AWS Lambda: Retrieving S3 Bucket Folders and Reading Data with Python

Harness the capabilities of AWS Lambda for seamless, event-driven data processing.

Introduction

AWS Lambda, a serverless computing service, provides a scalable and cost-effective way to run code without provisioning or managing servers. In this article, we’ll explore the practical usage of AWS Lambda by focusing on retrieving folders within an S3 bucket and reading data using Python. Whether you’re a seasoned AWS user or just starting, this guide will help you harness the capabilities of AWS Lambda for seamless, event-driven data processing.

Setting the Stage

Before diving into Lambda functions, make sure you have an AWS account and the AWS Command Line Interface (CLI) installed. Additionally, create an S3 bucket with the desired folder structure and data. To ensure smooth execution, grant necessary permissions to your Lambda function. This article assumes basic familiarity with AWS services and Python.

Creating an AWS Lambda Function

  1. Granting S3 Listing Permissions:
  • Open the AWS Identity and Access Management (IAM) Console.
  • Create a new IAM policy or edit an existing one, adding the necessary permissions to list objects in the S3 bucket. For example, you can use the managed policy AmazonS3ReadOnlyAccess.
  • Attach this policy to the IAM role associated with your Lambda function.

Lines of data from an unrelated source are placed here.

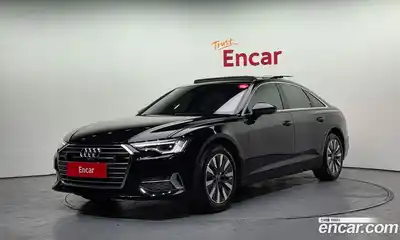 Audi A6, 2021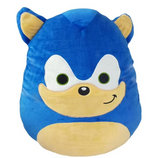 NEW Olilia 14 inches Sonic Plush, Movie Animals Plush, Knuckles, Shadow, Hedgehog, Tails, Sonic The Tails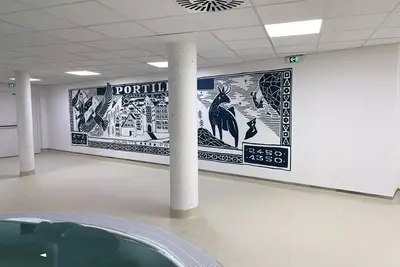 Image de Studio für 6 Personen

Open the AWS Lambda Console:

  • Navigate to the AWS Management Console and choose Lambda.

Create a New Lambda Function:

  • Click on “Create function” and choose “Author from scratch.”
  • Give your function a name, select the runtime as “Python,” and choose the existing role with the required permissions.

Writing Python Code:

  • Scroll down to the Function code section and replace the default code with the following Python script:
import os
import boto3

def lambda_handler(event, context):
    # Extracting bucket and key from the event
    bucket = event[''Records''][0][''s3''][''bucket''][''name'']
    key = event[''Records''][0][''s3''][''object''][''key'']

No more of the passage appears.